Thinking about it, I’m coming to hate teaching philosophies even more. I see that search committees are trying to find committed and thoughtful teachers who will work on improving their pedagogical strategies. But their means of assessing (heh, yeah, I know their lingo) teaching commitment and self-awareness is actually guaranteed to produce lies and game-playing, as it’s pretty much impossible to write something true to yourself and honest and get a job. (Though, what do I know? I didn’t get any jobs last year with my “earnest” teaching statements either.) For example, the following statements are all fairly accurate readings of aspects of my teaching style, but would
never fit the format of a teaching philosophy:
- In my classes I model my own writing style to them, which involves endless whining and procrastinatory blog reading while nursing a beer and futzing over a badly-written draft...

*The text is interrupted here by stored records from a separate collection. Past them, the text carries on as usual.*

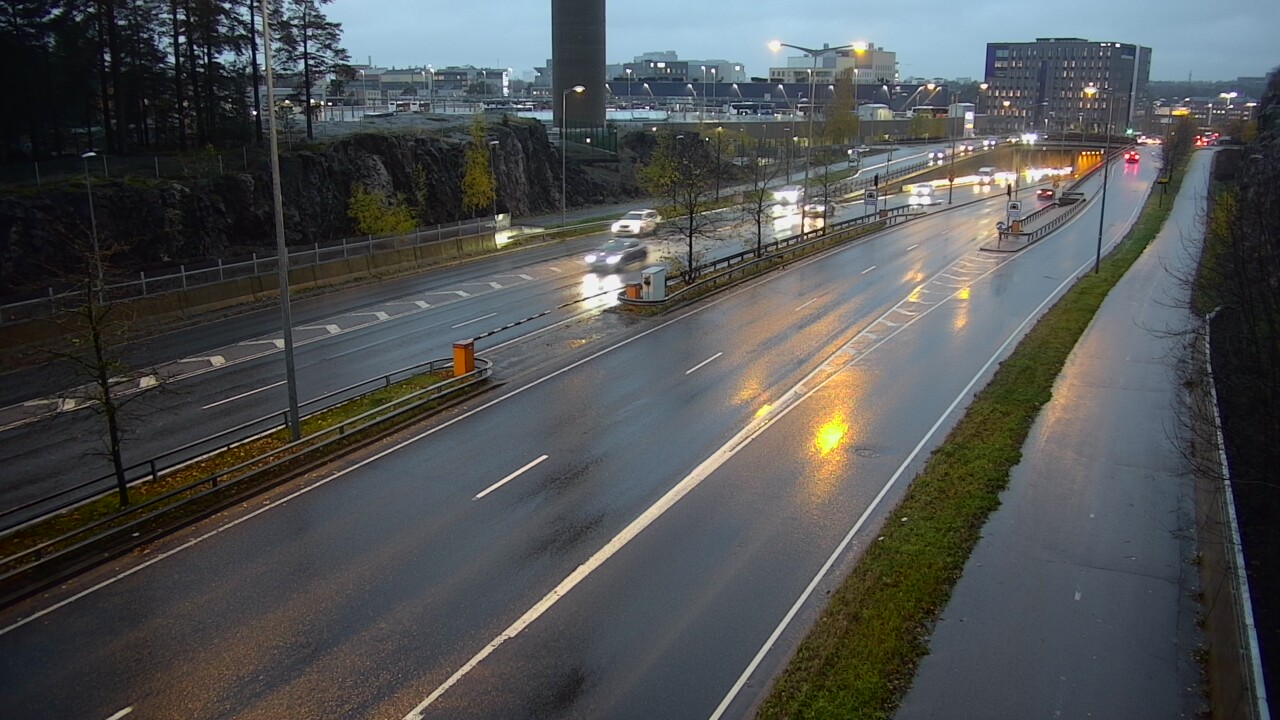 Kelikamerat Kuva Tie 100 Helsinki Hakamäentie, Ilmala, Helsinki, Uusimaa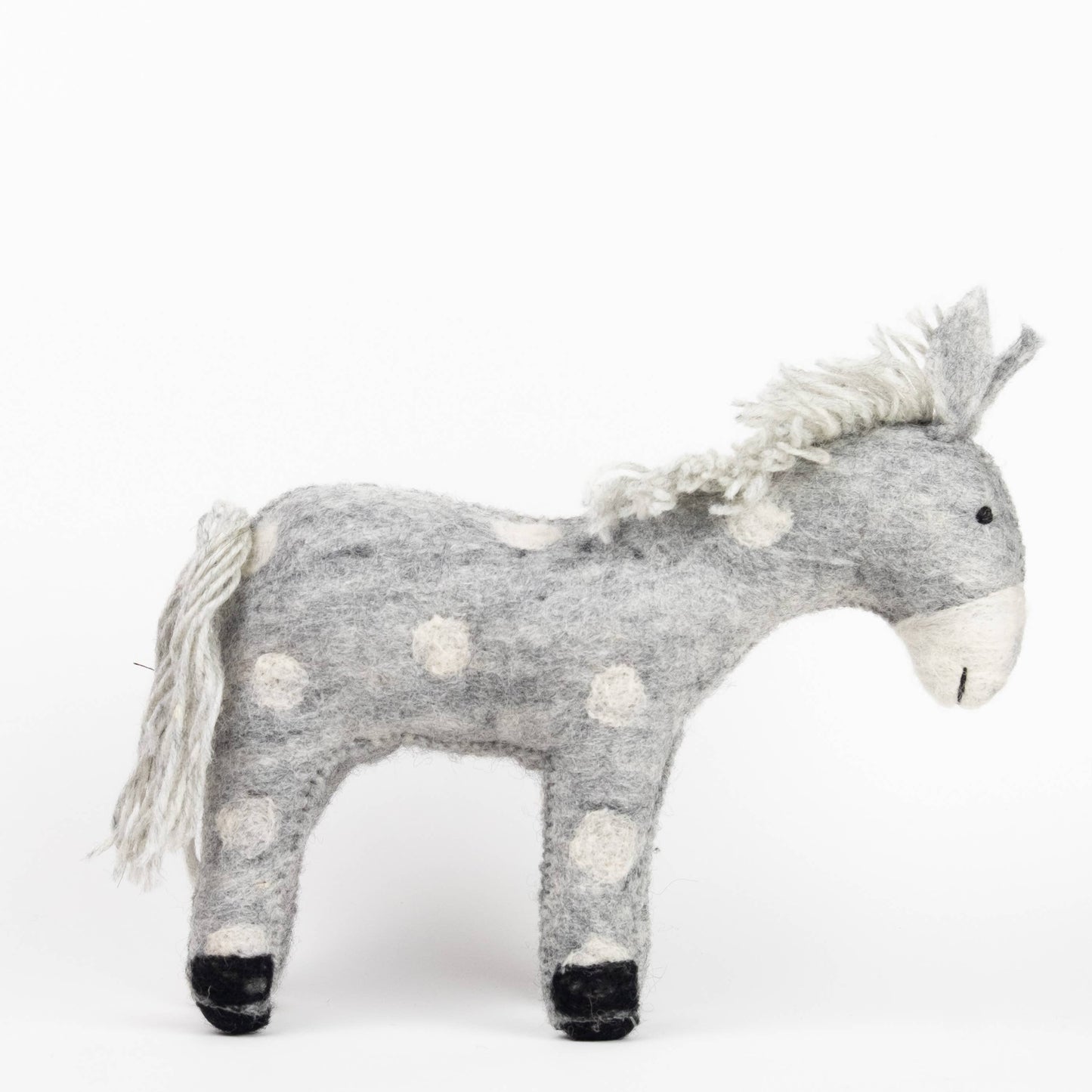 Horse - Dapple Grey Large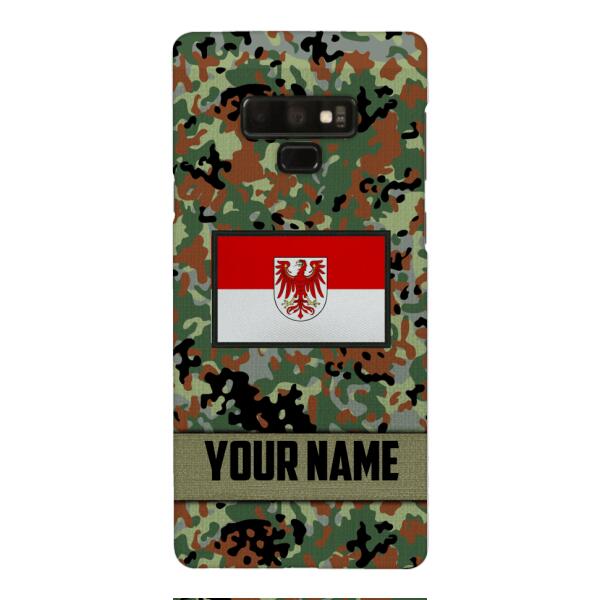 Personalized Brandenburg Camo Phone Case OCT-LN21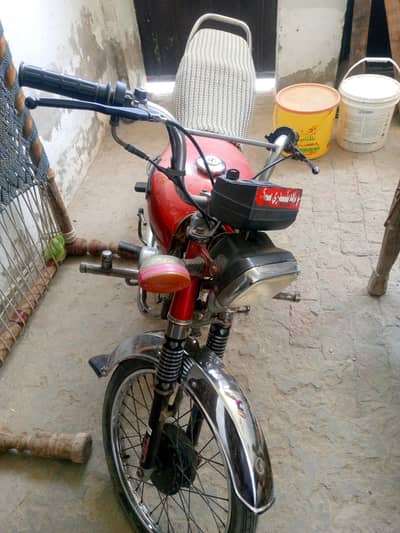 motorcycle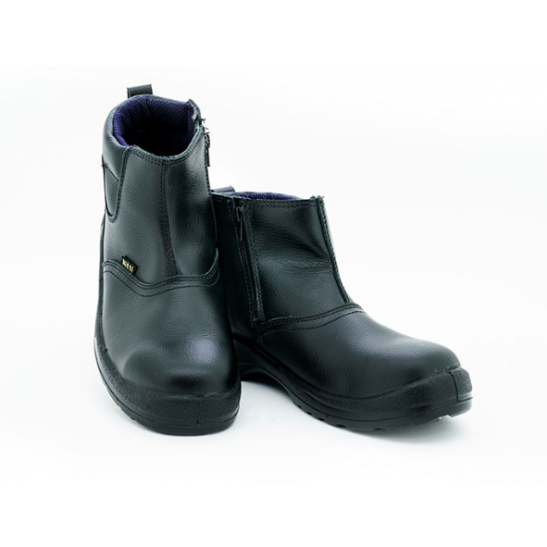 Nitti Mid Cut Slip On Safety Shoe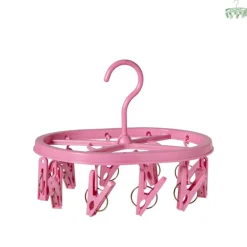 Droogrek met wasknijpers - 23.4x17.5x20 cm - diverse varianten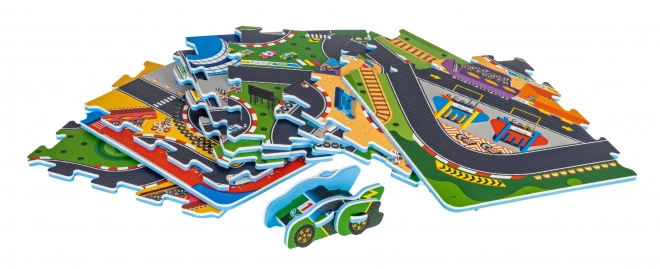 Puzzle Mat Utrka Staza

- I am a hardass who believes in grinding down students’ young spirits through hard work and disciplinary structures. None of that “nurturing, accessible” shit from me --- I push students to do their reading and revise their drafts --- or I push them all the way out of the classroom. My evaluation comments are fairly evenly divided between the cliché “tough but fair” and “evil bitch-spawn from hell.” Besides, most of them come to love the beatings after a while.
- As both a graduate student and a teacher, I believe my role is to assist in the coming global revolution by boring from within. To that end, I combine a rigorous analysis of the corruptive nature of global capitalism with pragmatic activist organizing strategies, direct action, and group work. The writings of Paulo Freire and Franz Fanon, as well as Peter Elbow’s
Writers Without Teachers, have been extraordinarily helpful to me. As an organic intellectual I look forward to the day when I can tell my teaching has been effective in overthrowing the university system because I am stood up against the wall and shot.

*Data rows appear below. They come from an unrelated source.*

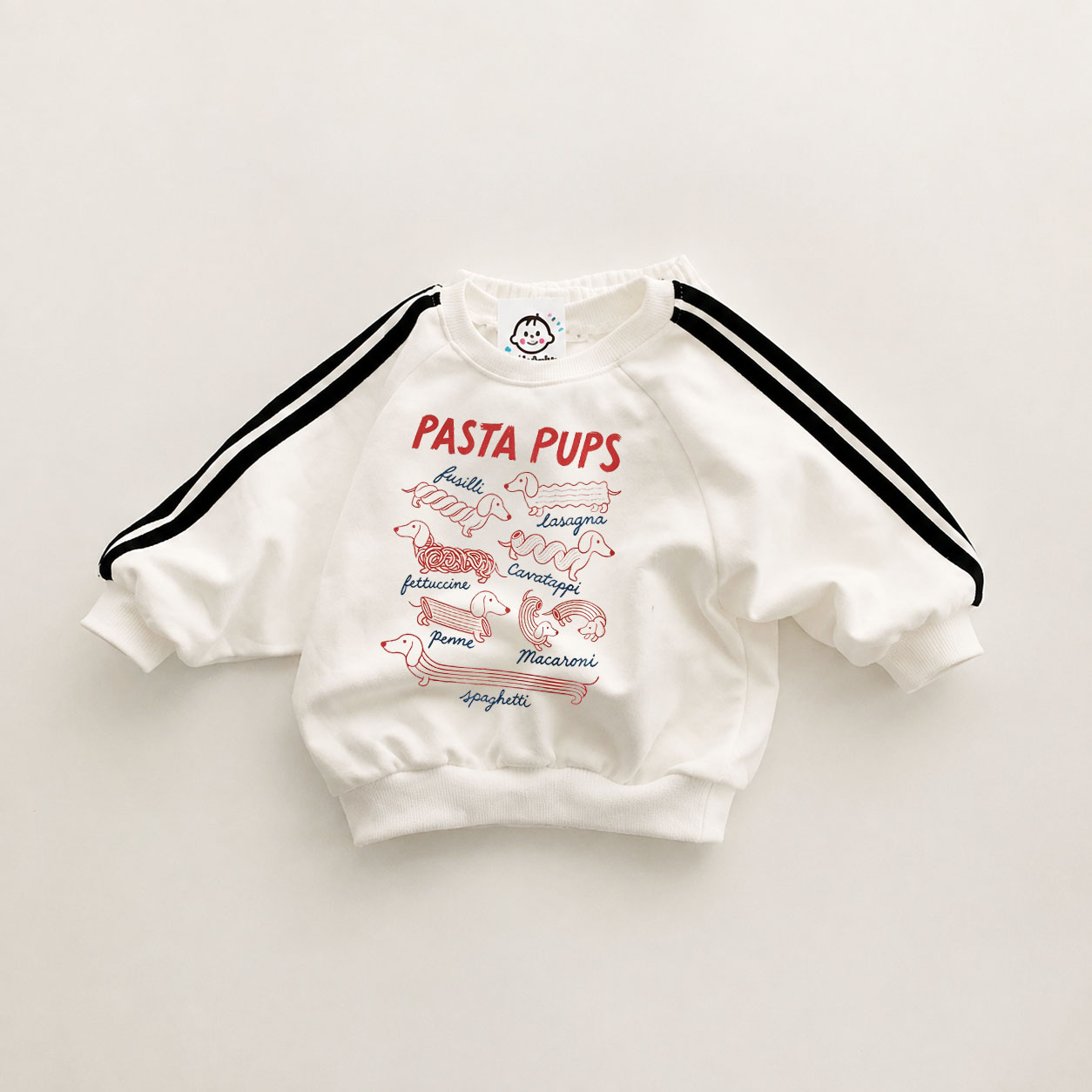 PASTA PUPS Baby & Toddler Sweatshirt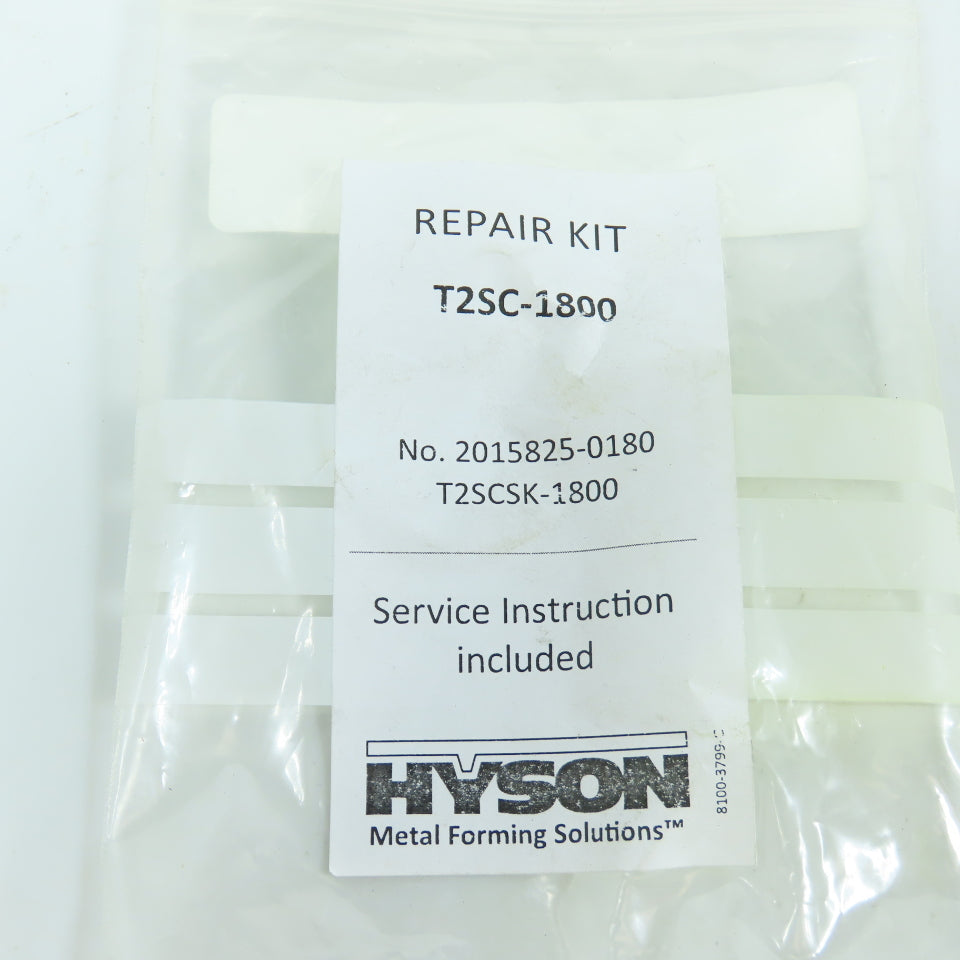 Hyson 2015825-0180 T2SCSK-1800 2nd Generation Repair Kit For T2SC-1800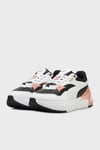 R78 Disrupt Logolu Kalın Tabanlı Sneaker Kadın Ayakkabı 39767508 SİYAH-BEYAZ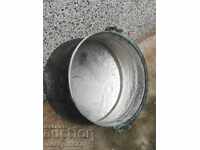 Стара харания, меден съд, голям котел, бакър, ператник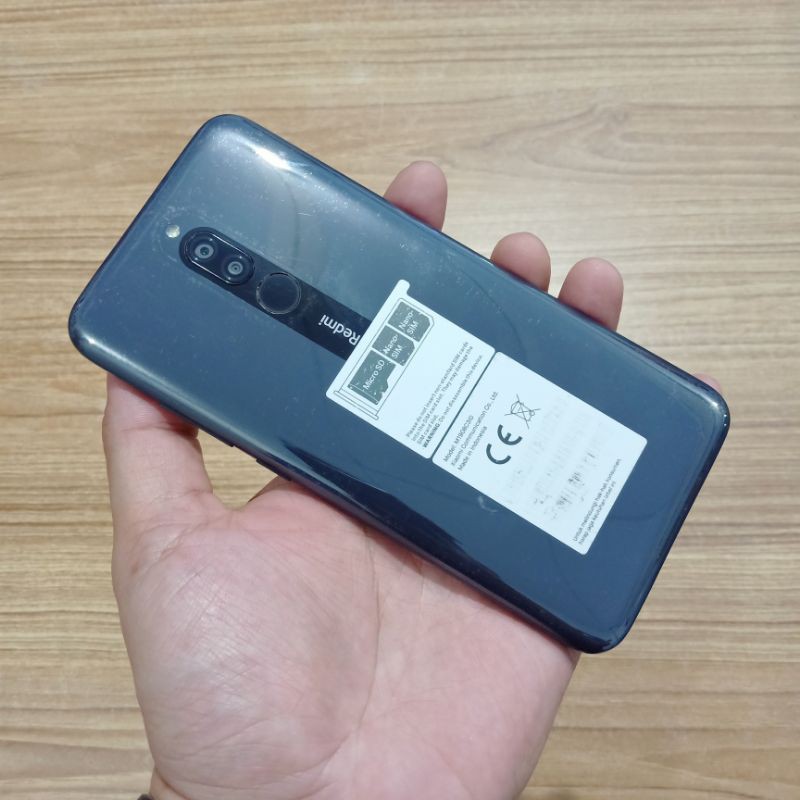[ Termurah ] Hp Xiaomi Redmi 8 Ram 4 Gb Memory 64 Gb Second Seken Bekas Mulus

- Due to the keenly competitive structure of T&P and the rigorous demands of my active research and publishing schedule, I strive to cut corners and maximize effectiveness in my teaching wherever possible rather than have teaching eat my life. Luckily, my eminence in the field has attracted many grad students to our program, and I make working with me contingent on them doing most of my undergraduate teaching scut work. I believe the best student is the self-motivated student and that assigning drafts, reminding them of deadlines, and showing up regularly to the large lectures coddles them. College is meant to be preparation for the real world and as such the training wheels should be taken off as soon as possible.
(ok that one’s more my advisor and some of my profs than me --- but they are trying to mold me in their image, aren’t they?)- Official university assessment methods like finals and evaluations are useless for actually figuring out what students’ real opinions are. That is why I have trained a network of spies, who resemble regular undergrads, to infiltrate other classrooms and public campus spaces. They listen in on my students’ conversations and ascertain which pedagogical aspects of my class worked and which confused the students. I also have extensive hourly breakdowns of who did the reading, how long it took them, and when they took a bathroom break. Plagiarism has been almost completely eliminated in my system, and my special STudent-Initiated Secret Inquisitions (Stasi) team tests how well the students have mastered the material by breaking into their dorms in the middle of the night, shining flashlights in their eyes, and asking them the exam questions. Students with excellent test results are often recruited into the team, while the Ds and Fs are never heard from again.
Your homework? To give me advice on a
real teaching philosophy (some of you have got to be at teaching schools, right? If your SCs ask for statements, why? And what are they supposed to be like?) or, alternately, to amuse me by producing better parodies. Or heck, why not both?